Results of the calculation will be displayed in the first empty "results" column in the main pane. Depending on the input parameters heating or cooling flows will be calculated.

Before making the fourth calculation, press the "Clear results" button to clear results from the 3 available result columns in the main pane.

For each calculation, calculated inlet and outlet conditions will be displayed in the Output Pane as well. To distinguish heating / cooling results from other data, rows for heating process will be displayed in red and for cooling process in blue.

The last two columns in the Output Pane (**Process** and **Point**) provide a description of a calculated point.

In the Output Pane results are always inserted at the top, so you don't have to scroll to see the latest result.

To calculate properties of a mixing process, use the following steps:

- Select "
**Mixing**" tab - In the "
**Inlet Point 1**" group box enter parameters of the first point - In the "
**Inlet Point 2**" group box enter parameters of the second point - Press the "
**Calculate**" button

The solver can handle mixing points in the following areas:

- Super heat (
**non fog**) area, this is the standard case; - Super saturation (
**fog**) are, it also calculates created moisture as fog or droplets.

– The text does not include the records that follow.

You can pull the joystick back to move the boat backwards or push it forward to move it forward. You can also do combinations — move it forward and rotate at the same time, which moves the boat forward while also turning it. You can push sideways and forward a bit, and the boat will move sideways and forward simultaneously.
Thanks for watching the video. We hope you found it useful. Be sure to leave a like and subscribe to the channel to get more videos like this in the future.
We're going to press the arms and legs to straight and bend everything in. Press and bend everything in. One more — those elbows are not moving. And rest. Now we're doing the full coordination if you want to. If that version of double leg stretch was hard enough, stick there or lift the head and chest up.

Results of the calculation will be displayed in the first empty "results" column in the main pane.

Before making the fourth calculation, press the "Clear results" button to clear results from the 3 available result columns in the main pane.

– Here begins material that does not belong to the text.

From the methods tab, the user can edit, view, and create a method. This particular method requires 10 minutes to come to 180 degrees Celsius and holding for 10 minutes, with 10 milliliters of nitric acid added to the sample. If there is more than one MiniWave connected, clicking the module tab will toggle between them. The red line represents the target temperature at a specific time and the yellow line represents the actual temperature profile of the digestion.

For each calculation, calculated inlet and outlet conditions will be displayed in the Output Pane as well. To distinguish mixing results from other data, rows with calculated values will be displayed green.

The last two columns in the Output Pane (**Process** and **Point**) provide a description of a calculated point.

In the Output Pane results are always inserted at the top, so you don't have to scroll to see the latest result.